GP, psychologist or counsellor: who do you actually call when your mind is struggling?
Photo: Photo by Markus Winkler on Pexels

Most people in Medellín who finally decide to seek mental health support make the same mistake: they start with whoever is easiest to reach, not whoever is right for the problem. A bad match wastes months. Knowing the difference between a médico general, a psicólogo and a consejero can cut that dead time to zero.

The confusion matters more right now than it did a decade ago. Colombia's Ministerio de Salud y Protección Social reported in its 2023 national survey that roughly 1 in 5 Colombians will experience a diagnosable mental health condition in their lifetime, yet fewer than 30 percent ever make contact with any kind of professional. In Antioquia specifically, anxiety and depression rank among the top five reasons adults visit primary care clinics, according to the departmental health secretariat's 2024 figures. Medellín's active running clubs, yoga studios and weekend hiking groups in Parque Arví do genuine good, but they are not a clinical intervention.

Start with your médico general, but understand the limits

A general practitioner is the right first call when physical and mental symptoms arrive together. Persistent insomnia, unexplained weight changes, fatigue that no amount of sleep fixes, or a suspicion that hormones or thyroid function are involved, these belong in a GP's office before anything else. Under Colombia's EPS (Entidades Promotoras de Salud) system, a médico general at a primary care IPS is usually the mandatory gateway to specialist referrals anyway. Clinics like Clínica Las Américas in the Belén neighbourhood or the Sura IPS locations scattered across El Poblado and Laureles can process that first consultation within the EPS framework, often at no additional cost beyond the copago, which runs between COP 5,000 and COP 15,000 depending on your plan level.

What a GP cannot do is sustained psychological therapy. They can prescribe medication, rule out physical causes and write the referral. They are the door, not the room.

A psychiatrist, psiquiatra, sits closer to the GP end of this spectrum than most people realise. Psychiatrists are medical doctors who specialise in diagnosing and medicating conditions like bipolar disorder, severe depression or schizophrenia. If a GP suspects something beyond mild-to-moderate anxiety, the referral goes to psychiatry, not psychology. The wait through EPS can stretch to six or eight weeks; private psychiatric consultations in El Centro or Envigado run roughly COP 150,000 to COP 250,000 per hour.

Psychology is structured treatment, counselling is guided support

A licensed psychologist, psicólogo clínico with a universidad degree and registration with the Colegio Colombiano de Psicólogos, delivers evidence-based therapies: cognitive behavioural therapy, EMDR for trauma, dialectical behaviour work.
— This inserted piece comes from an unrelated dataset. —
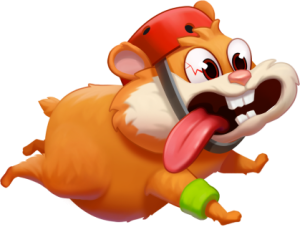 hamster run online aplicación.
This is the right fit for anxiety disorders, diagnosed depression, eating disorders, grief that has become disabling, or panic attacks that are reshaping daily life. In Medellín, organisations like Grupo Terapéutico Antioquia in Laureles and the Línea 106, the city's free 24-hour mental health crisis line run by the Alcaldía de Medellín, both connect residents to clinical psychologists. Private sessions cost between COP 80,000 and COP 180,000; some EPS plans cover a limited number of sessions after referral.

A consejero or counsellor occupies different ground. Counsellors, often trained in coaching, humanistic therapy or pastoral care, are best suited to people who are fundamentally well but navigating a specific stress: a career transition, a relationship rupture, burnout from overwork, or the low-grade disconnection that a demanding city life produces. They are not equipped to manage clinical diagnoses. Several community wellness centres in Barrio Colombia and the Patio Bonito area of Laureles offer counselling on a sliding-scale model starting at COP 40,000 a session, specifically designed for residents who earn below three minimum wages.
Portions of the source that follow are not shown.